*DATA:*
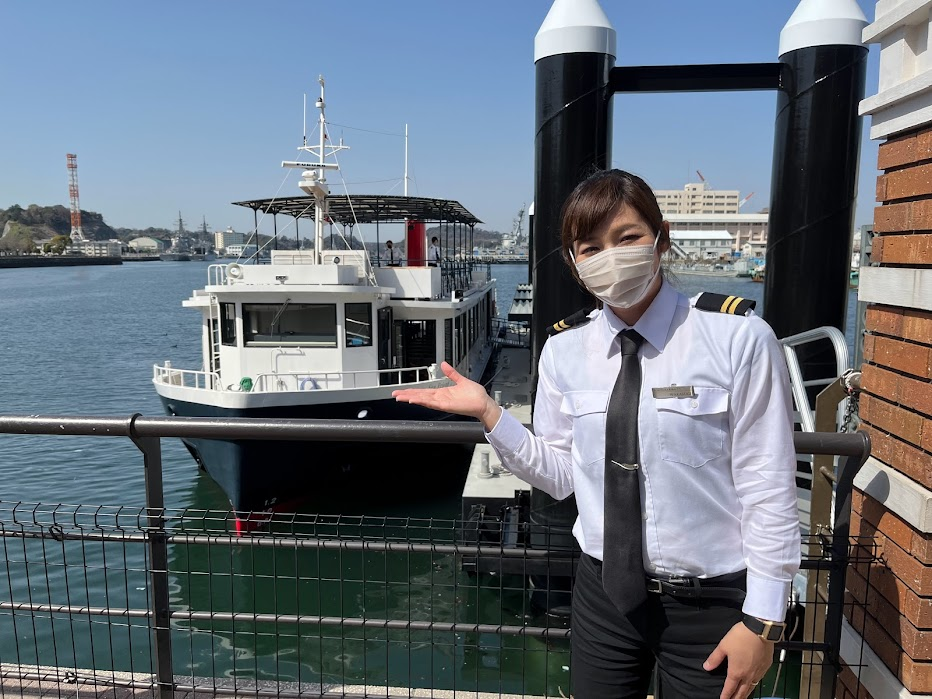 軍港めぐりガイド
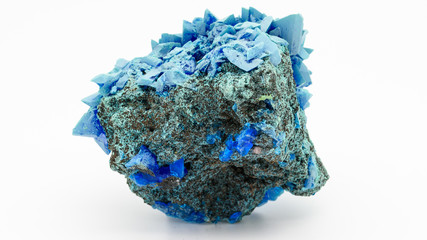 Mineral aquamarine crystals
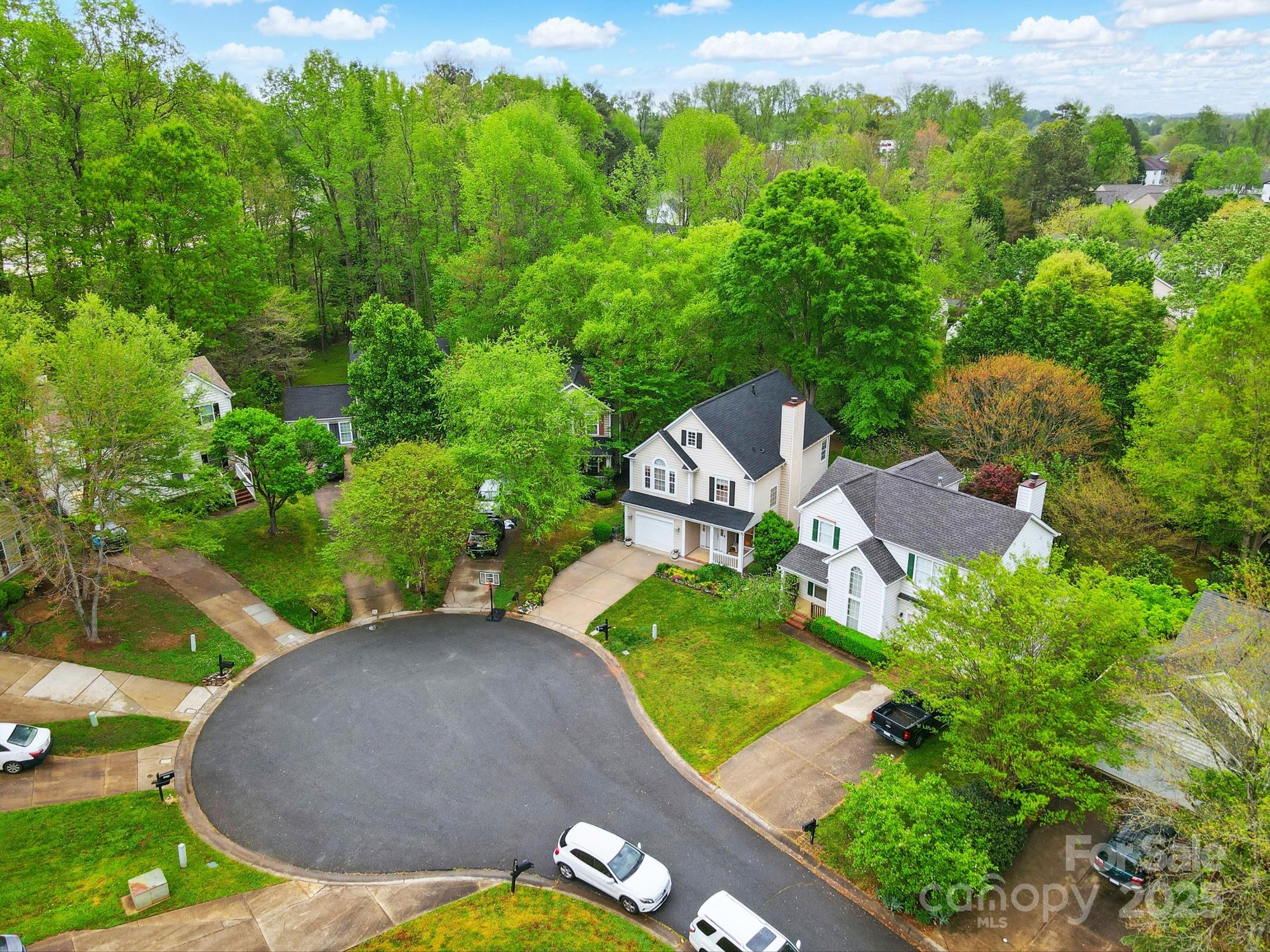 9209 Rotherham Lane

*PROMPT:*
Output the material verbatim, skipping the images.

*YOUR RESPONSE:*
 軍港めぐりガイド
 Mineral aquamarine crystals
 9209 Rotherham Lane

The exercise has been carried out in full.